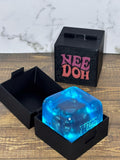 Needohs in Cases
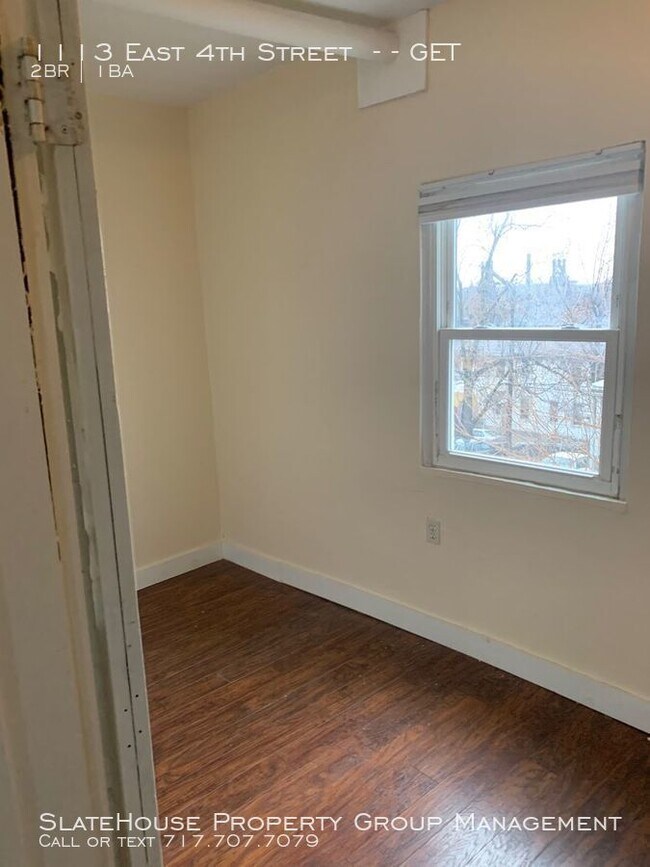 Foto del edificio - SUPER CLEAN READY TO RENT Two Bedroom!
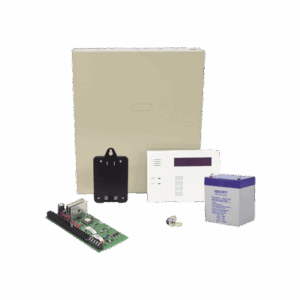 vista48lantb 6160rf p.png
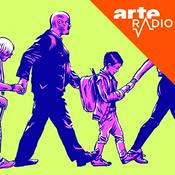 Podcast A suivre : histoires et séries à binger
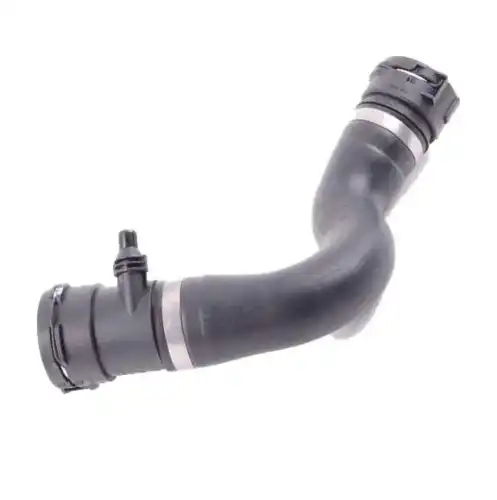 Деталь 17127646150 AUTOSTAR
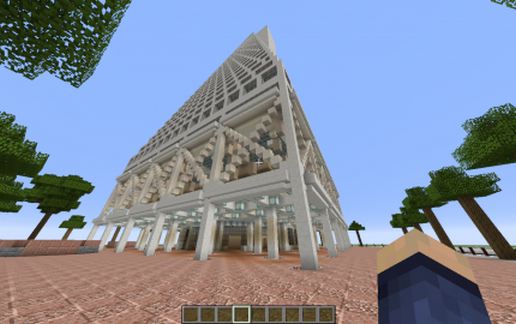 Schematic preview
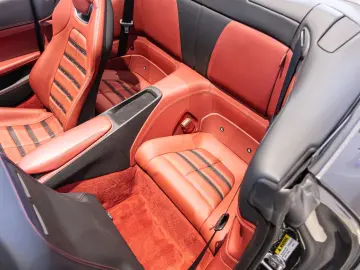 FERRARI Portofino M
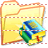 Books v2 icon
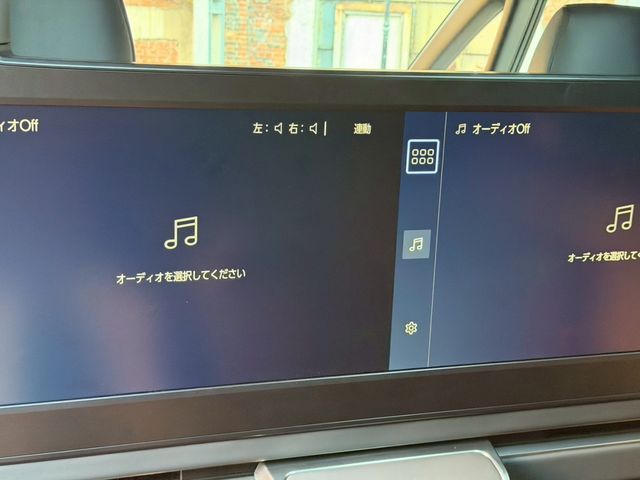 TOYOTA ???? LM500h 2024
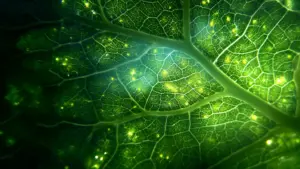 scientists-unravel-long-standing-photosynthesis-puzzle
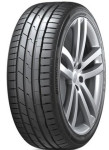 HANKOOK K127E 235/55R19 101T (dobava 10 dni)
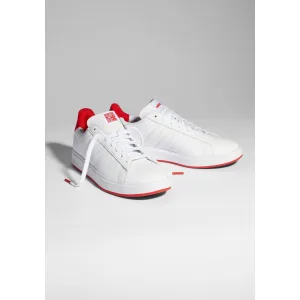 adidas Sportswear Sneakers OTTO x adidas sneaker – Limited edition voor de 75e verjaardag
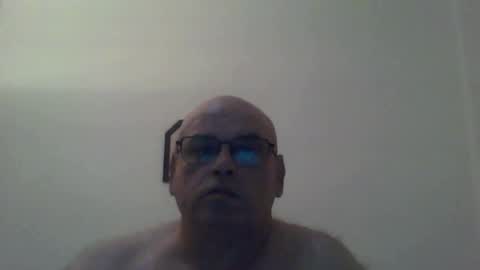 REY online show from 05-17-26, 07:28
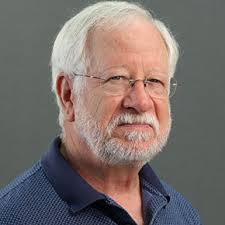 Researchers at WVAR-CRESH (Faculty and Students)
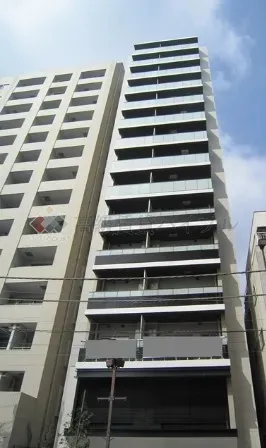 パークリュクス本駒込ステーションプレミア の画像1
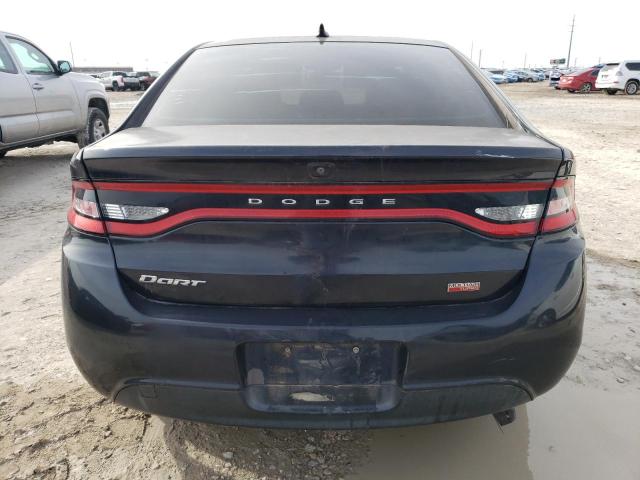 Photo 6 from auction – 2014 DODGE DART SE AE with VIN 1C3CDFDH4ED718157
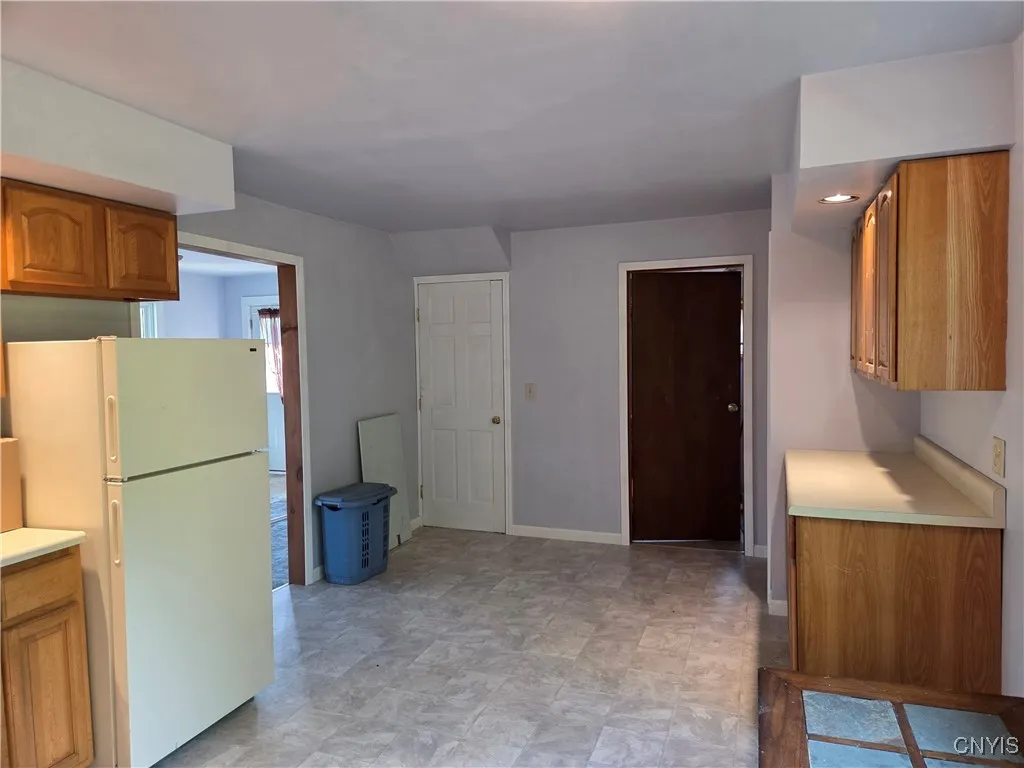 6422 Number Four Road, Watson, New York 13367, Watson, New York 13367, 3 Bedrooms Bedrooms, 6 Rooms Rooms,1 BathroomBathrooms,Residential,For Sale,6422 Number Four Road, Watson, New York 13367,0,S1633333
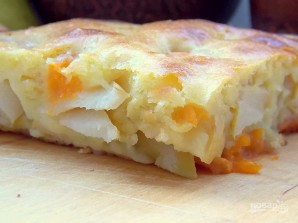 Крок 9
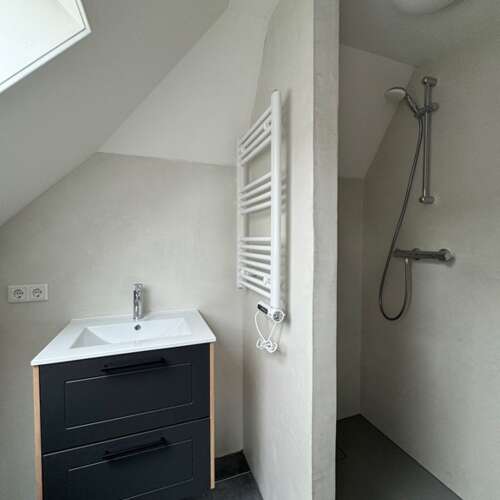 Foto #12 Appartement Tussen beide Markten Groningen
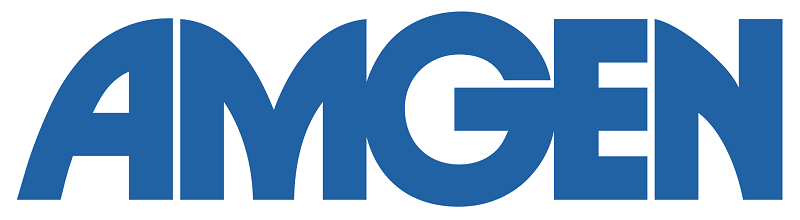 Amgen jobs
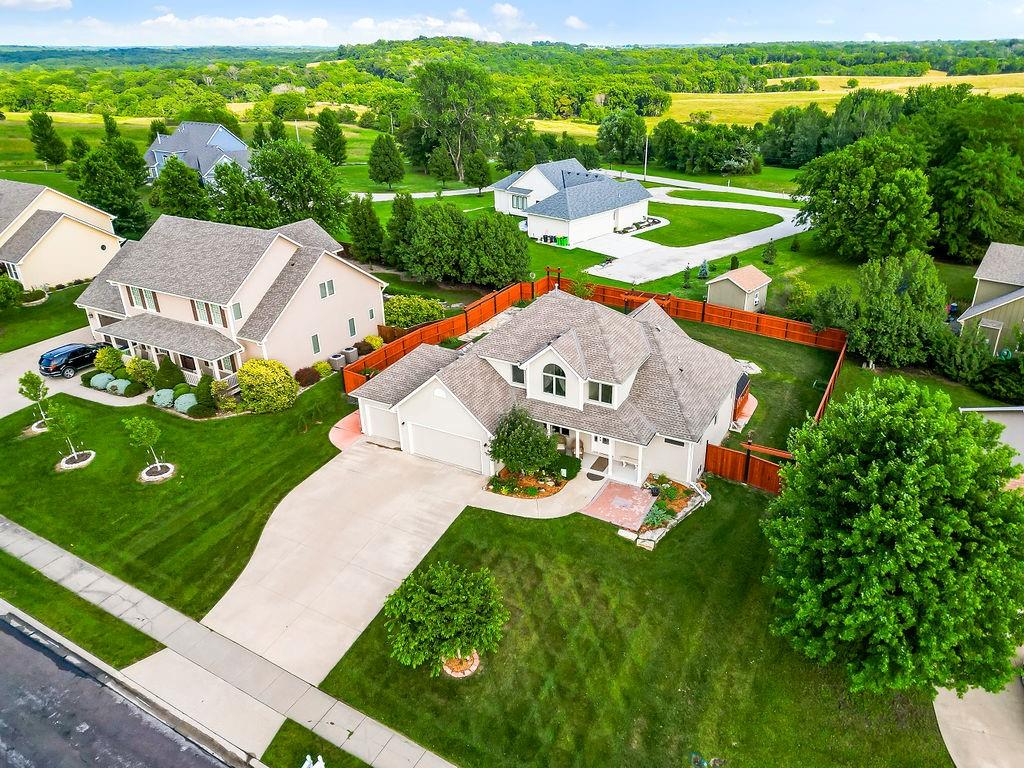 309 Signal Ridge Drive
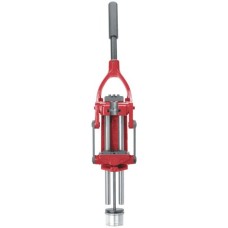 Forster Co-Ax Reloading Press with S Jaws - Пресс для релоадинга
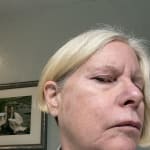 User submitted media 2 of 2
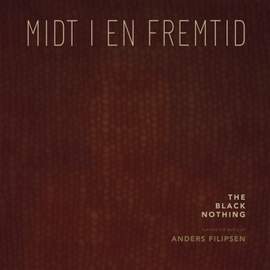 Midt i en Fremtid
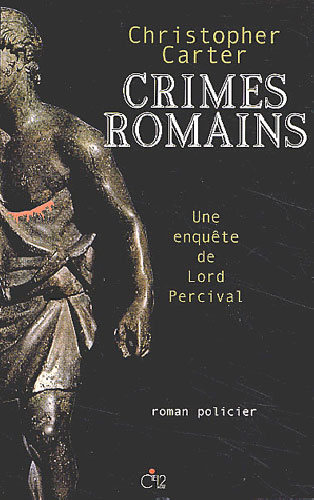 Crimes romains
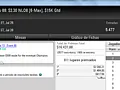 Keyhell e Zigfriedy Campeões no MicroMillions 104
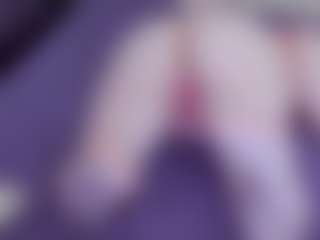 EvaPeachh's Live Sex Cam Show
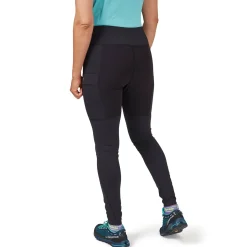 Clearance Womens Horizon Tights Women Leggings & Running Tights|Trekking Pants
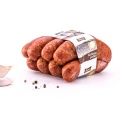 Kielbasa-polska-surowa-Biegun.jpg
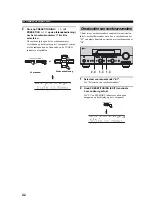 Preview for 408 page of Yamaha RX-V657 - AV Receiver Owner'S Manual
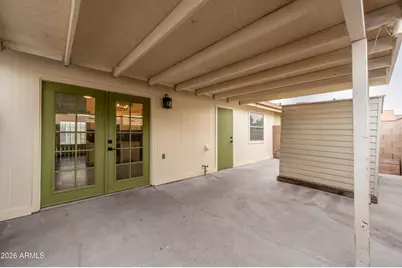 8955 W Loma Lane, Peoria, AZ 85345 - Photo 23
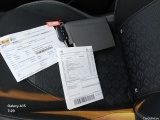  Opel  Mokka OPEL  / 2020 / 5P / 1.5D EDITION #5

### WORK INSTRUCTION
Write out word for word the lines of the listing above from the line with "Foto del edificio" to the line with "adidas Sportswear Sneakers", taking in both of those lines but no pictures.

### ANSWER TO THIS TASK
 Foto del edificio - SUPER CLEAN READY TO RENT Two Bedroom!
 vista48lantb 6160rf p.png
 Podcast A suivre : histoires et séries à binger
 Деталь 17127646150 AUTOSTAR
 Schematic preview
 FERRARI Portofino M
 Books v2 icon
 TOYOTA ???? LM500h 2024
 scientists-unravel-long-standing-photosynthesis-puzzle
 HANKOOK K127E 235/55R19 101T (dobava 10 dni)
 adidas Sportswear Sneakers OTTO x adidas sneaker – Limited edition voor de 75e verjaardag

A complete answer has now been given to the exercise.